Dijkstra Algorithm | Example | Time Complexity

Design & Analysis of Algorithms

Dijkstra Algorithm-

Dijkstra Algorithm is a very famous greedy algorithm.
It is used for solving the single source shortest path problem.
It computes the shortest path from one particular source node to all other remaining nodes of the graph.
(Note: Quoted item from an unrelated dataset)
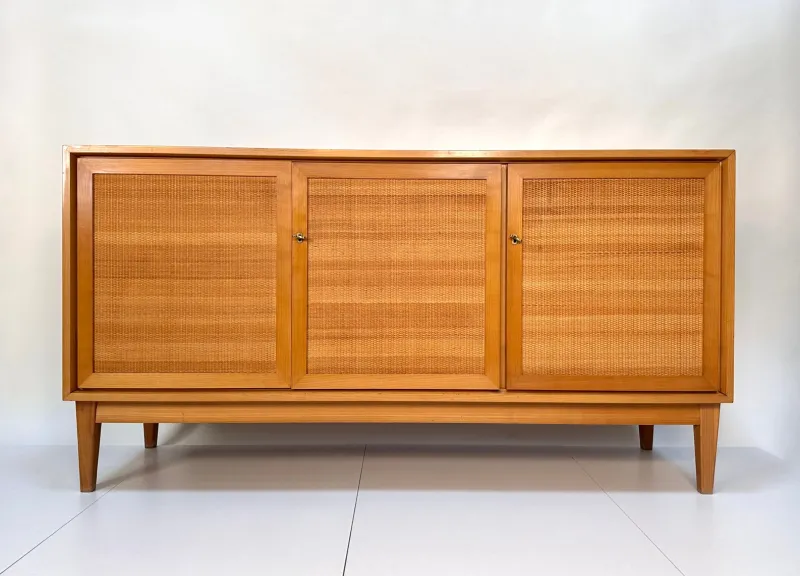 Online Pamono Mid-Century Modern Cherry Sideboard with Woven Front, West Germany, 1965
Also Read- Shortest Path Problem

Conditions-

It is important to note the following points regarding Dijkstra Algorithm-

Dijkstra algorithm works only for connected graphs.
Dijkstra algorithm works only for those graphs that do not contain any negative weight edge.
The actual Dijkstra algorithm does not output the shortest paths.
It only provides the value or cost of the shortest paths.
By making minor modifications in the actual algorithm, the shortest paths can be easily obtained.
Dijkstra algorithm works for directed as well as undirected graphs.

Dijkstra Algorithm-

dist[S] ← 0                                                  // The distance to source vertex is set to 0

Π[S] ← NIL                                                   // The predecessor of source vertex is set as NIL

for all v ∈ V - {S}                                          // For all other vertices

        do dist[v] ← ∞                                       // All other distances are set to ∞

        Π[v] ← NIL                                           // The predecessor of all other vertices is set as NIL

S ← ∅                                                        // The set of vertices that have been visited 'S' is initially empty

Q ← V                                                        // The queue 'Q' initially contains all the vertices

while Q ≠ ∅                                                  // While loop executes till the queue is not empty

        do u ← mindistance (Q, dist)                         // A vertex from Q with the least distance is selected

        S ← S ∪ {u}                                          // Vertex 'u' is added to 'S' list of vertices that have been visited

for all v ∈ neighbors[u]                                     // For all the neighboring vertices of vertex 'u'

        do if dist[v] > dist[u] + w(u,v)                     // if any new shortest path is discovered

                then dist[v] ← dist[u] + w(u,v)              // The new value of the shortest path is selected

return dist

Implementation-

The implementation of above Dijkstra Algorithm is explained in the following steps-

Step-01:

In the first step. two sets are defined-

One set contains all those vertices which have been included in the shortest path tree.
In the beginning, this set is empty.
Other set contains all those vertices which are still left to be included in the shortest path tree.
In the beginning, this set contains all the vertices of the given graph.

Step-02:

For each vertex of the given graph, two variables are defined as-

Π[v] which denotes the predecessor of vertex ‘v’
d[v] which denotes the shortest path estimate of vertex ‘v’ from the source vertex.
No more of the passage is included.